▶ Material provided:
^^^^^^^^

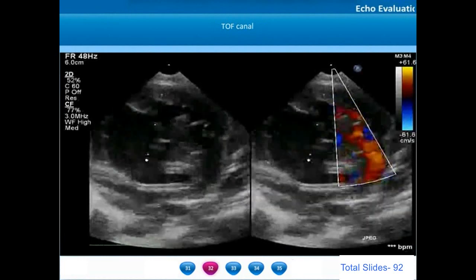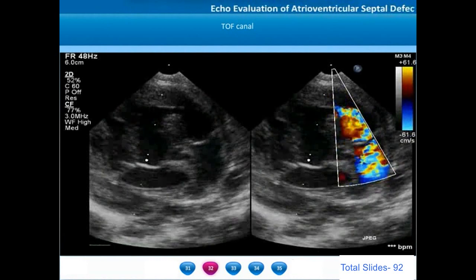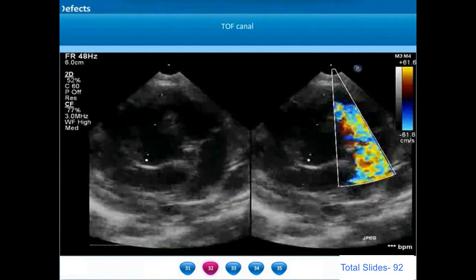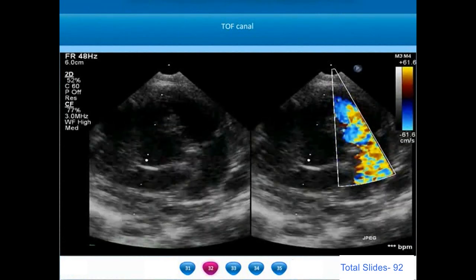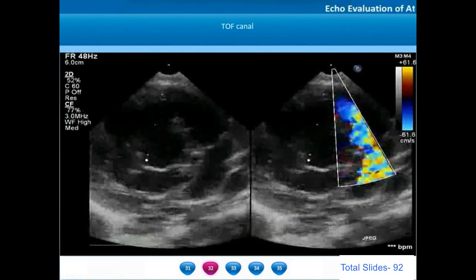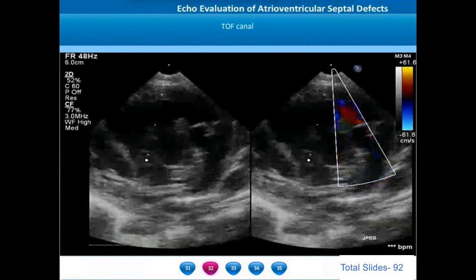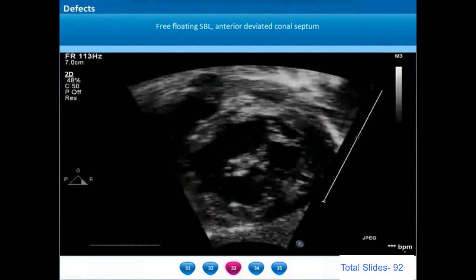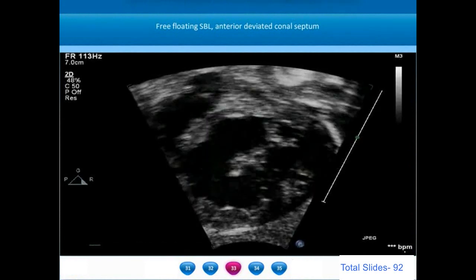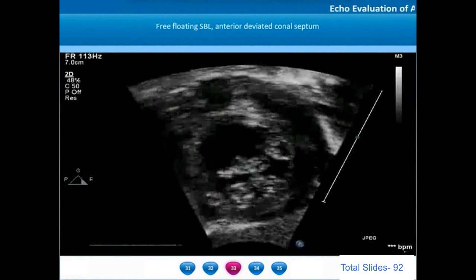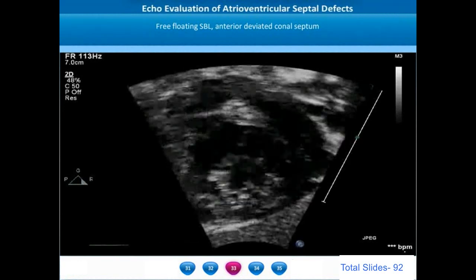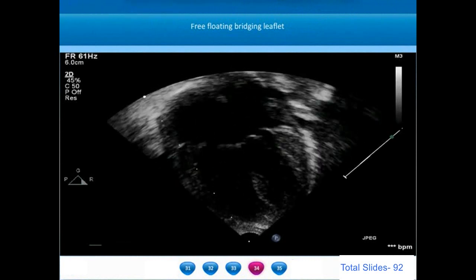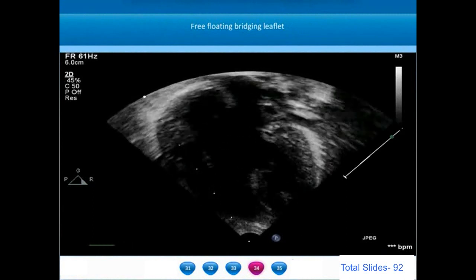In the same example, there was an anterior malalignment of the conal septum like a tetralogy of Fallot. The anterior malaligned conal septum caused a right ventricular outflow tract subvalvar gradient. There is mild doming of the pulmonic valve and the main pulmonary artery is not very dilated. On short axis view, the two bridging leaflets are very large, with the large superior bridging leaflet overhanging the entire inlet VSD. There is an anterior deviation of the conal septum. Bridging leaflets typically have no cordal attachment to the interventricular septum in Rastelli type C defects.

^^^^^^^^

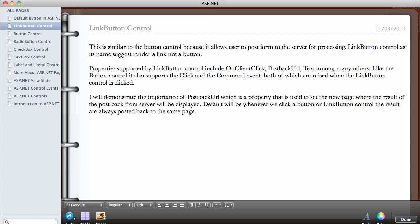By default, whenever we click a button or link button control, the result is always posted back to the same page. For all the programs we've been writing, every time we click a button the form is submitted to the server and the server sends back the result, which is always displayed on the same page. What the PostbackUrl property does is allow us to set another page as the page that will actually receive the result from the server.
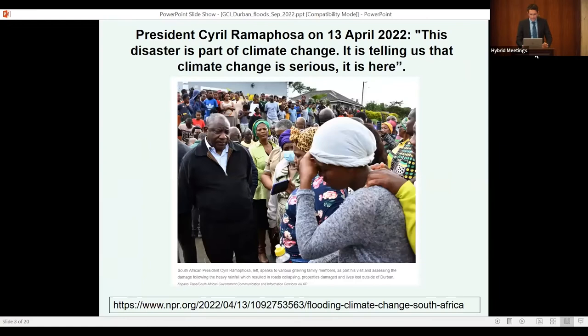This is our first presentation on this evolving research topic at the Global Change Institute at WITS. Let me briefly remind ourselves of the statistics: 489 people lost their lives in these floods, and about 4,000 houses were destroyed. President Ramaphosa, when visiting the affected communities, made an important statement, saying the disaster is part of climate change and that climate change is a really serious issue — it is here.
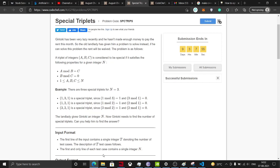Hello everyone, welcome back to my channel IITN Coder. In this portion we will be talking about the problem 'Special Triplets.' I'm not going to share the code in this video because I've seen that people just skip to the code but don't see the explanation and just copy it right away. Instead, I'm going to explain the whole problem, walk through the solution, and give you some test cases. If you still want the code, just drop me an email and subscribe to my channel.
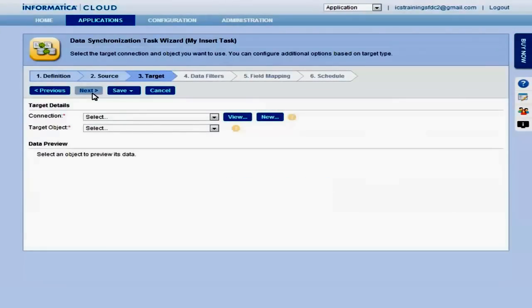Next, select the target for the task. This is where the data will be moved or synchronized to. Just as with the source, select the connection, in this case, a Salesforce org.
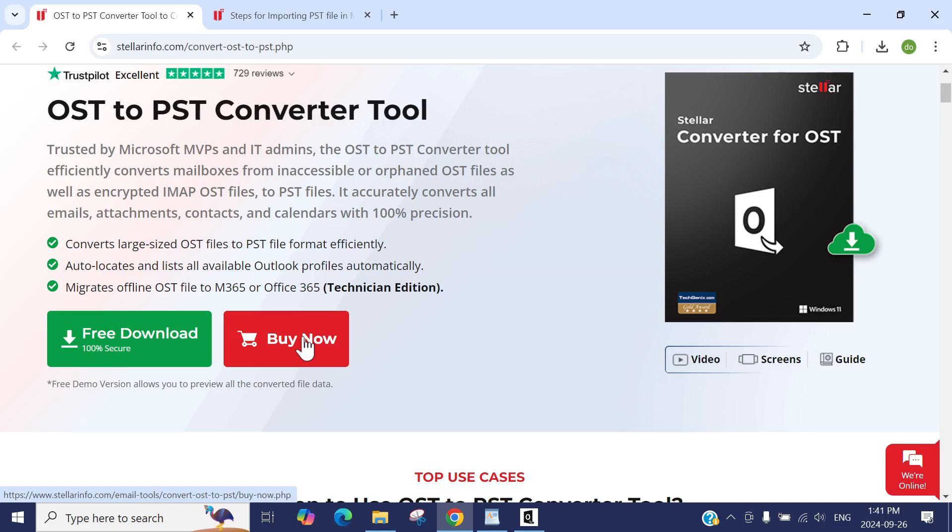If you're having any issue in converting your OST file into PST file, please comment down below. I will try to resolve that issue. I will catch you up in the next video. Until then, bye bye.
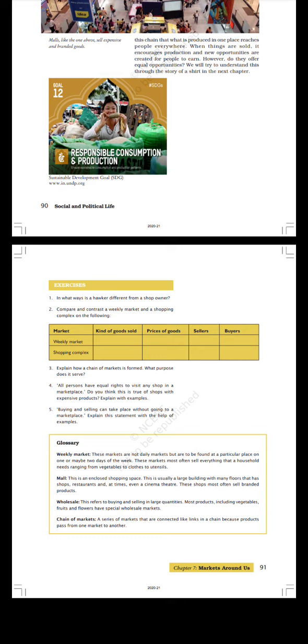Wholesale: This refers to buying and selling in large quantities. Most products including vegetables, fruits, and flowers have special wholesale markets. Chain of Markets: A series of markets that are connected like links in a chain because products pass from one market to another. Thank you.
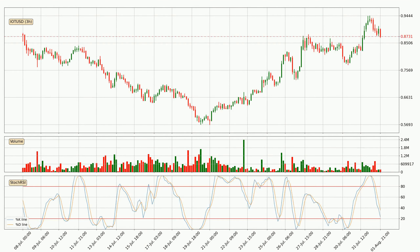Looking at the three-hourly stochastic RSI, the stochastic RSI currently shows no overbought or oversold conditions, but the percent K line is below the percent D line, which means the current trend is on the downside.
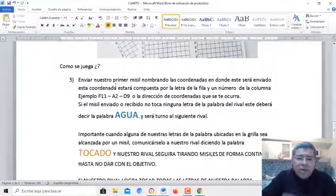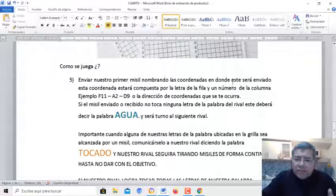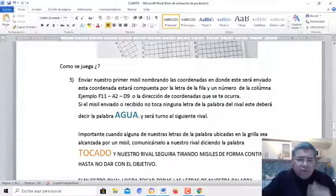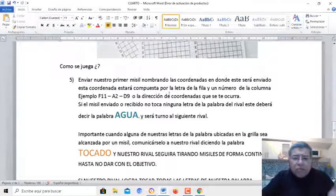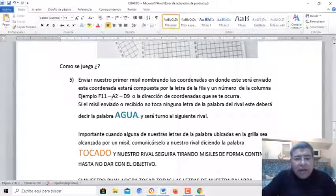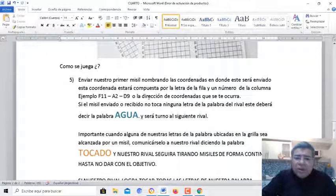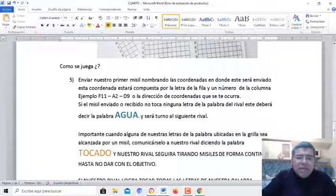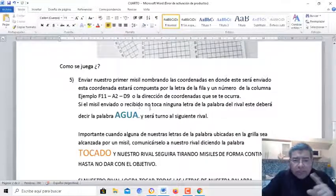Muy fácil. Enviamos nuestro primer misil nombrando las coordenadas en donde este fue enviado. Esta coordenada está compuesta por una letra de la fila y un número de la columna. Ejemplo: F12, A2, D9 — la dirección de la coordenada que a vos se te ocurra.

^^^^^^^^

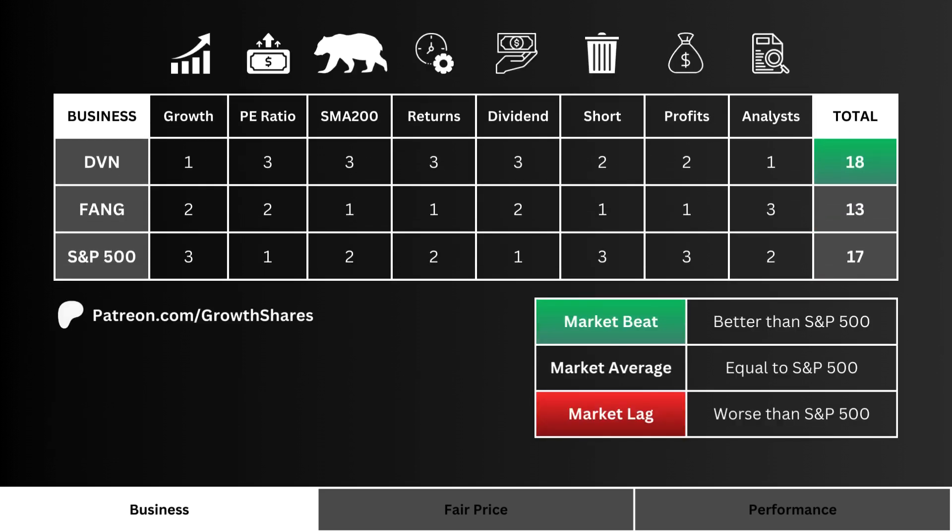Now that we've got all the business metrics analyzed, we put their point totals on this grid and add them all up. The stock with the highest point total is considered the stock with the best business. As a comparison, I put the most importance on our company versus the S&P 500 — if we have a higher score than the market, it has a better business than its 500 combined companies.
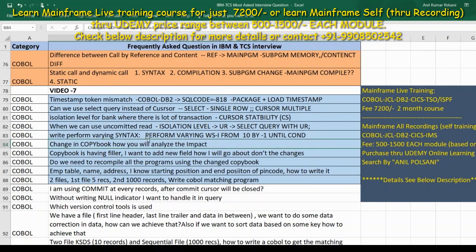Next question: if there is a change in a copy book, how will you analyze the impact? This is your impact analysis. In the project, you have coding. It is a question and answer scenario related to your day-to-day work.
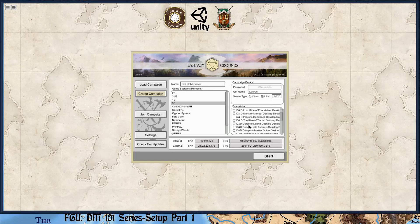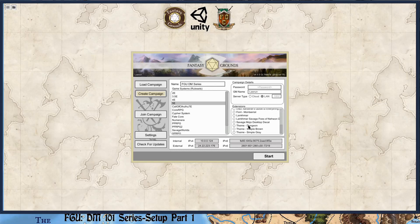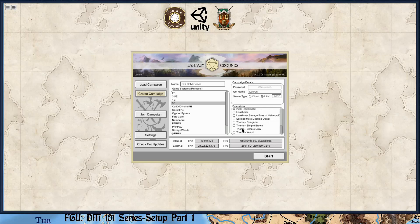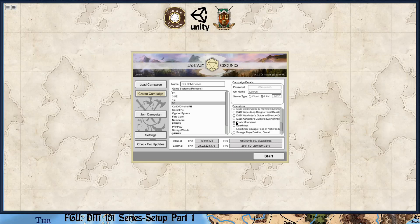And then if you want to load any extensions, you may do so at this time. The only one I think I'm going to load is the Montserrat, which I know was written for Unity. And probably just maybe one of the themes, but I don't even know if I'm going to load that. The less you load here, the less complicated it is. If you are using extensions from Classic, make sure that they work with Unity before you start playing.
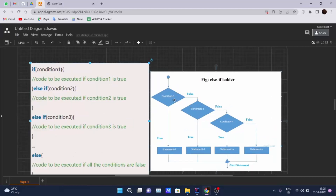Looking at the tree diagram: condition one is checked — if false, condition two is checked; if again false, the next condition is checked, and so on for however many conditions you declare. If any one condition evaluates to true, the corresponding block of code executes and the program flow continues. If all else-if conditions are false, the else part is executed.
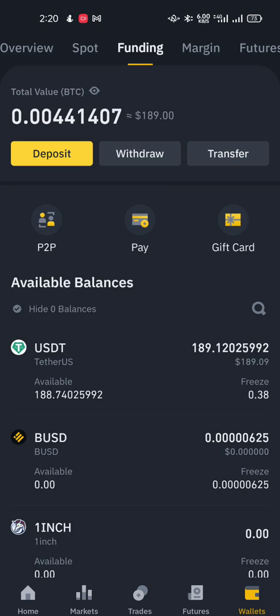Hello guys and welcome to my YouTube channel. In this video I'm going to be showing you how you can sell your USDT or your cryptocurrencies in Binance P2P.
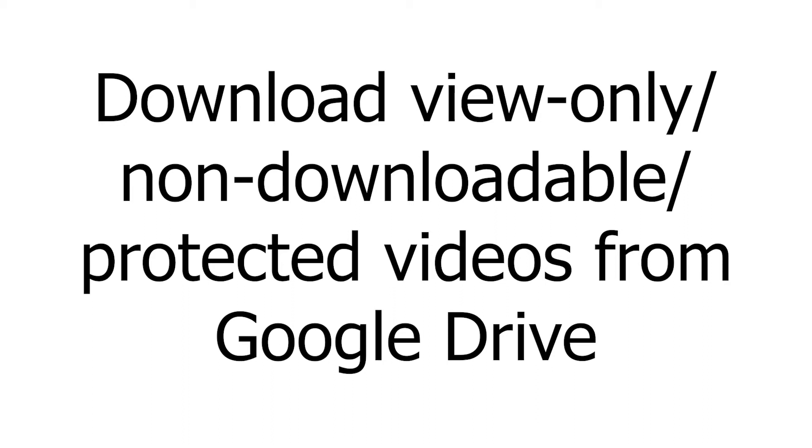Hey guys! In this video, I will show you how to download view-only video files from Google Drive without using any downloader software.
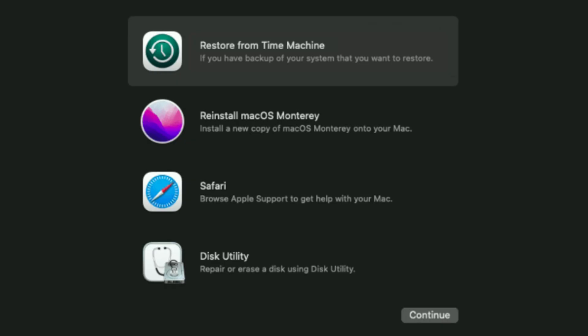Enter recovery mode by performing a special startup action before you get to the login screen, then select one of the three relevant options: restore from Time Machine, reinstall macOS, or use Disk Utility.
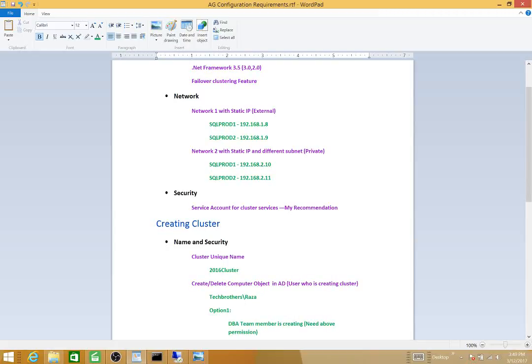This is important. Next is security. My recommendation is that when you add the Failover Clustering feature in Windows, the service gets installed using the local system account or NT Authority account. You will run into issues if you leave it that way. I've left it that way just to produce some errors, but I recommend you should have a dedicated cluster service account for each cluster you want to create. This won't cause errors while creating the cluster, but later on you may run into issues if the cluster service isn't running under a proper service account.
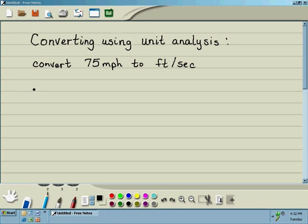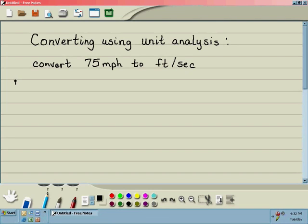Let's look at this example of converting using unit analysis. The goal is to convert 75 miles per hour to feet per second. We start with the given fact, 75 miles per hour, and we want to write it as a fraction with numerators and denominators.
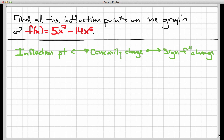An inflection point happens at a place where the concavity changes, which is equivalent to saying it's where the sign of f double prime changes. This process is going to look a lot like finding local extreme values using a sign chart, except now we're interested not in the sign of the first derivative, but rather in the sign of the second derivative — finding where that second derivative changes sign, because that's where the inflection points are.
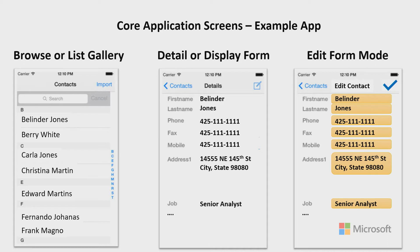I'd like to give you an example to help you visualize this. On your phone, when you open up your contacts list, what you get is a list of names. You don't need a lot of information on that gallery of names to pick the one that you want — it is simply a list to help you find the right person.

^^^^^^^^

▶ Assignment: The answer is the lines of the material above, from the one containing "Hello guys and" down to the one containing "Enter recovery mode", given exactly and without images.

▶ Result below:
Hello guys and welcome to my YouTube channel. In this video I'm going to be showing you how you can sell your USDT or your cryptocurrencies in Binance P2P.
Hey guys! In this video, I will show you how to download view-only video files from Google Drive without using any downloader software.
Enter recovery mode by performing a special startup action before you get to the login screen, then select one of the three relevant options: restore from Time Machine, reinstall macOS, or use Disk Utility.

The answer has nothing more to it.